Collection of AMD K10 data

Page 5 - Seeking answers? Join the Tom's Hardware community: where nearly two million members share solutions and discuss the latest tech.
Barecelona pipeline:
k8lexecutionpipelineye3.jpg

This image is totally insignificant in terms of showing changes in the "Barcelona pipeline." The exact same graph was shown in AMD's 2003 presentation on Opteron.I realy appretiate your input about K8L(K1) in this thread. Thank you for your corrections and suggestions. It would be nice if you can find or draw a graph with "Barcelona pipeline" or any useful data and share it with us. I'll update this thread with info and data. Any ideas or suggestions would be nice.

Thanks.
 
actually, just because it supports 8Gb of memory has nothing to do with the capacity of the modules it is compatible with. well, not literally nothing, but quite little
 
someoe needs to explain the map to me.I got as far as understanding the path is ram to decoder to alu to ram.from there i am confused as to what data goes where.
you're right, it's the basic pipeline: instruction fetch (ram), decode (decoder), execute (alu), commit (ram). everything else is just detail. :wink:
 
From the specifications, I am quite sure K8 (at least rev. F) and later CPUs can handle 8GB per socket. :wink:

This is my happy dance:

happydance.gif


That's great! So I can go off and get my 2xQuad and 4x2GB sticks and live happily ever after! 😀

yeah AMD is the only way u can go with that....965\975 boards dont even support 2 gb modules

explain how i am wrong again? i said it doesnt support 2 GB MODULES... i didnt say it couldnt support 8 gb's

you are wrong here P965 supports up to 8GB of memory
thats 4x2GB

http://www.intel.com/products/chipsets/p965/index.htm


so if there are 4 slots for modules and the board supports 8GB
what is 8GB divided by 4 slots? its 2GB so yes you are wrong

lets pretend there are only 2 slots

whats 8GB divided by 2 slots?

stfu your posts are annoying. know what you are talking about before you talk about it

Rammestein wrote """actually, just because it supports 8Gb of memory has nothing to do with the capacity of the modules it is compatible with. well, not literally nothing, but quite little""""
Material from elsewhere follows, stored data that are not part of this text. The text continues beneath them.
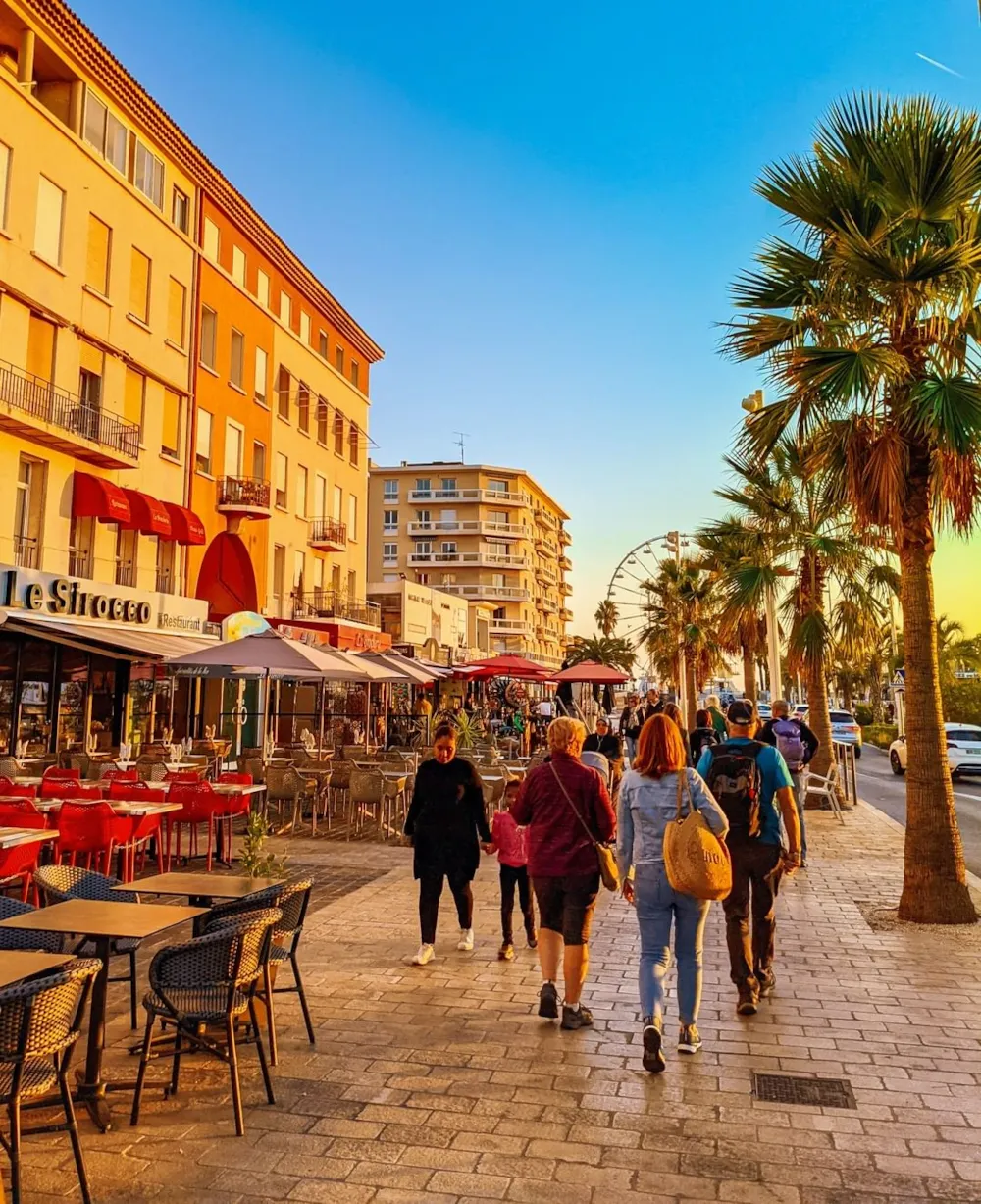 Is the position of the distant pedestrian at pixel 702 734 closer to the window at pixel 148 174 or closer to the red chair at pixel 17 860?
the red chair at pixel 17 860

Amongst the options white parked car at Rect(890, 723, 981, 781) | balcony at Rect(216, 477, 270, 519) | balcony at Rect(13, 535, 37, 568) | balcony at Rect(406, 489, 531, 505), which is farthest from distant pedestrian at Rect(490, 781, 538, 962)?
balcony at Rect(406, 489, 531, 505)

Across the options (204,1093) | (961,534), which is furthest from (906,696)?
(204,1093)

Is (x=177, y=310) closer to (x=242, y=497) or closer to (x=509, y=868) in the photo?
(x=242, y=497)

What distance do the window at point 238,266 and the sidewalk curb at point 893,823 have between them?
23186 millimetres

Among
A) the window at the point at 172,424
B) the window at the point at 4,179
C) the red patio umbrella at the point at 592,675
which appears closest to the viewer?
the window at the point at 4,179

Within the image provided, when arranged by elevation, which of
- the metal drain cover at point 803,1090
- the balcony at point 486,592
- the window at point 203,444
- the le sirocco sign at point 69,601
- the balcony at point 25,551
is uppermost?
the balcony at point 486,592

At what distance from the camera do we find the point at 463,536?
8288cm

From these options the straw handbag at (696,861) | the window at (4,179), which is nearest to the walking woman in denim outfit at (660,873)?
the straw handbag at (696,861)

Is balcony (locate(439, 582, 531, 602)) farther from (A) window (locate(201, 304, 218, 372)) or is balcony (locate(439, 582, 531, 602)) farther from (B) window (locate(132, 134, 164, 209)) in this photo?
(B) window (locate(132, 134, 164, 209))

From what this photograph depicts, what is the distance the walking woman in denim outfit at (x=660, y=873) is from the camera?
5258 millimetres

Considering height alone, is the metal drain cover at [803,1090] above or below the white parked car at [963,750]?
below

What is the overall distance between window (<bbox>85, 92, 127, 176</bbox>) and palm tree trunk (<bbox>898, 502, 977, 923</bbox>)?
21.2 m

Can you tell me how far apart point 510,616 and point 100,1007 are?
7940 centimetres

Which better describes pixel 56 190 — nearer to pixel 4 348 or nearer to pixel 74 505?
pixel 4 348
now tell him he is annoying too .... and post me a link that shows a intel 965/975 running with 2 gig modules.
 
Actually, the diagram for K10 wouldn't be much different from K8. The FP execution units are wider which wouldn't show. And, the new stack hardware wouldn't show nor would the doubled cache buses or doubled prefetch.
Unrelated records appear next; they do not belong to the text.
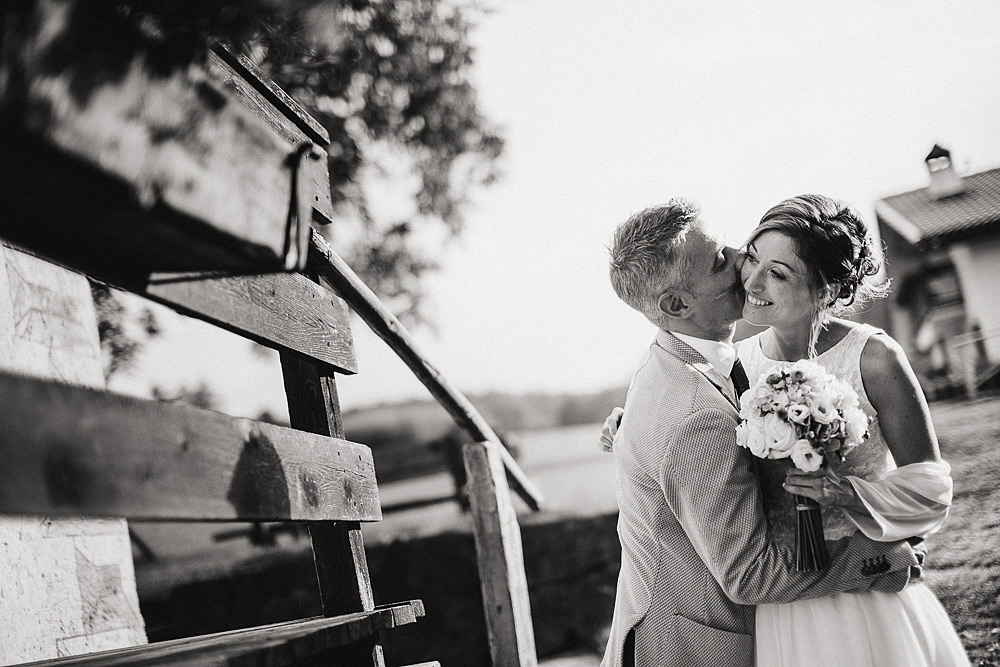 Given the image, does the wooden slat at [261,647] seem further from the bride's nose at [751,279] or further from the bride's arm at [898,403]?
the bride's arm at [898,403]

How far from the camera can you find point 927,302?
15.7 feet

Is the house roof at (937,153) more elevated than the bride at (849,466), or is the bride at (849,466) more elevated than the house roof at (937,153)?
the house roof at (937,153)

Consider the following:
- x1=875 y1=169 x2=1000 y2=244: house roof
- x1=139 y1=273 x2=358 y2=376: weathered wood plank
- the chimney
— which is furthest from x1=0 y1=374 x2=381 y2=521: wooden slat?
the chimney

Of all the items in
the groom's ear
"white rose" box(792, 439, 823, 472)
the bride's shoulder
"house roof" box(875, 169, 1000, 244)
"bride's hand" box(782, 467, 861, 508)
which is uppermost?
"house roof" box(875, 169, 1000, 244)

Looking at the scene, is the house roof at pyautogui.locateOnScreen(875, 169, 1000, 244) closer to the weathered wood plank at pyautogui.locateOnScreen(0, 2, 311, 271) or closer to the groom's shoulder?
the groom's shoulder

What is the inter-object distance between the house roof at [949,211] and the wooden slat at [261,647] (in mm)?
3832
The speed that AMD gives for SSE is 3.6X. Since there are four cores instead of two you could divide by 2 and get 1.8 or 80% faster. However, I suppose it would be more accurate to say that widening the SSE units gives a 100% increase in speed while the second set of cores gives the 80%. So, the per core change in SSE should be 100% and this should be the same as C2D. However, because of the additional operations, you can get C2D to run faster if the data requires the right kind of operations and the SSE instructions are tuned correctly. In other words, in general operation K10 and C2D should be about the same at the same clock but specialized SSE operations could be faster on C2D. It is possible that some operations could be a little faster on K10 because of less cache latency but this would only be a small difference.
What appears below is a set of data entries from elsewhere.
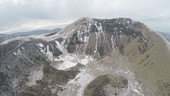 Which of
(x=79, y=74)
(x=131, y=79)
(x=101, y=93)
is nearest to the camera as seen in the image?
(x=101, y=93)

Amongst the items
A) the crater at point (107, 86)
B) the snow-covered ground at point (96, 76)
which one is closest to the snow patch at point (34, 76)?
the snow-covered ground at point (96, 76)

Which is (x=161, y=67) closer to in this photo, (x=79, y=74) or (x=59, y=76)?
(x=79, y=74)

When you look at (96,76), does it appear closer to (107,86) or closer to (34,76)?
(107,86)

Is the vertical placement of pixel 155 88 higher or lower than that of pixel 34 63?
lower

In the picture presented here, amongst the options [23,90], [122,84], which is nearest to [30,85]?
[23,90]

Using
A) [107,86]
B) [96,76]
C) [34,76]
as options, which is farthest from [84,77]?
[34,76]

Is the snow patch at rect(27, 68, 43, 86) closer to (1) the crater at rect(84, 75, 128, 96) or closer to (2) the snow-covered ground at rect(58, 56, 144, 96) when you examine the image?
(2) the snow-covered ground at rect(58, 56, 144, 96)

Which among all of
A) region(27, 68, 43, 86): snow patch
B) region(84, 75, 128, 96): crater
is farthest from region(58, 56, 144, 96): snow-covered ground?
region(27, 68, 43, 86): snow patch

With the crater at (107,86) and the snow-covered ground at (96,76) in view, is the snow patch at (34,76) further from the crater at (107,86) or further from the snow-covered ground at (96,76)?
the crater at (107,86)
I was initially thinking about 10% improvement for integer on K10 which would still have been slower than C2D but would have closed most of the gap. This would be due to additional FastPath instructions, elimination of instruction breaking which would require a second fetch, side band stack optimizer, and elimination of fetch delay. However, we also have improvements in branch prediction and out of order loads so I'm now thinking it will be possible to match C2D's integer IPC. I would guess that the great majority of Integer tests would fall within +-5% between C2D and K10. At 3.0Ghz a 3% difference is only 100Mhz. Differences smaller than this are beyond the accuracy of the tests. For example, you can get 2% difference just by changing motherboards.

I have to say though that a bit of editing in the quotes would be nice. It is a bit annoying when someone quotes ten or twenty lines of text and then adds a one line comment. This is doubly annoying when the poster also has a large sig. The jokes about newbie posters who quote large blocks of text and then say, "I agree!" or newbie posters who try to impress people with a large sig have been around for more than 15 years. These jokes actually predate web forums and go back to the old email lists and proprietary dial up bulletin boards. Show everyone that you are actually smart enough to post something worth reading and edit down to the last comment instead of including seven layers of nested quotes. Chain letters are banned for a good reason; the same thing applies to quotes.
 
Well, if AMD said K10 will perform ~40% better than Core2 quads, it HAS GOT to be something around, because if not, there'll be a lot of people willing to set their farm on fire :lol:
 
Here's the latest die shots from Hans de Vries at Chip Architect. Looks like they're scaling cache compared to Brisbane too.

http://www.chip-architect.com/news/2007_02_19_Various_Images.html
Is that table correct? If so, AMD scaled the cache on Barcelona better than Intel did with Merom. I thought AMD was having issues at scaling with the transition from 90nm to 65nm.
 
we dropped thios issue as to not taint this thread...there are no intel systems runnin 2gb modules for 8 gbs ok...

lets keep this thread about the k109
 
what about simple math do you people not get? the system supports up to 8GB of memory
there are 4 memory slots
8/4=2
it supports 2GB per slot
i dont know how i can make this any more clear
Quit hijacking this thread. :?

You would think that someone with well over 1000 posts would know better. :lol: But, I could be wrong.
 
i wasnt hijaking just correcting inaccurate data from someone posting from before.
if you guys want to talk about this stuff at least be accurate.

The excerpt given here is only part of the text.